# Database Discussions > MS SQL Server 7/MS SQL Server 2000 >  Cobol Data file to SQL Table conversion

## Monoos

I am a novice in data base designing. I have MS certification in both design, implementation and administration. Can anyone help me provide information regarding converting from Cobol flat files to sql server tables ?
I will be very grateful.. This is my first assignment.. Got to prove myself... help....

----------


## Dano

BOOKS ONLINE...  BCP.  Bulk Copy Program.  
One warning:  After making your *.fmt file it is sometimes easier to change all data types to SQLCHAR.  BCP will still let you put non-char values into appropriate field structures.  If using SQL 7 you should read about DTS Data Transformation Service.
(MS cert hugh?)


------------
Monoos at 7/8/99 2:41:03 PM


I am a novice in data base designing.
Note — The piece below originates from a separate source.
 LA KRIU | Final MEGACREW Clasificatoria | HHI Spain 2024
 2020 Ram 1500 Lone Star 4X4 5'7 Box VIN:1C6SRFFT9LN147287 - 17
I have MS certification in both design, implementation and administration. Can anyone help me provide information regarding converting from Cobol flat files to sql server tables ?
I will be very grateful.. This is my first assignment.. Got to prove myself... help....

----------


## {;}

That is a bull.... you CAN NOT pass SQL test if you don&#39;t know how to do this. I can bet on that.


------------
Monoos at 7/8/99 2:41:03 PM


I am a novice in data base designing. I have MS certification in both design, implementation and administration. Can anyone help me provide information regarding converting from Cobol flat files to sql server tables ?
I will be very grateful.. This is my first assignment.. Got to prove myself... help....

----------


## Jagan Rao

SQL Server can&#39;nt recognize cobol flat files. You will have to convert cobol flat files to sequential format with column delimeters and end-of-row <CR> which gives you a text data file. I am sure there are some tools available for this kind of conversion. Also make sure there are no non-printable characters in the text data file.

Then you can use BCP or DTS to export into SQL.

Jagan

----------


## NinjaLord

IRI NextForm has an Eclipse GUI to map data in COBOL and other flat file formats into SQL Server and other RDBs.

----------


## skhanal

Reviving a 15 years old thread  :Big Grin:

----------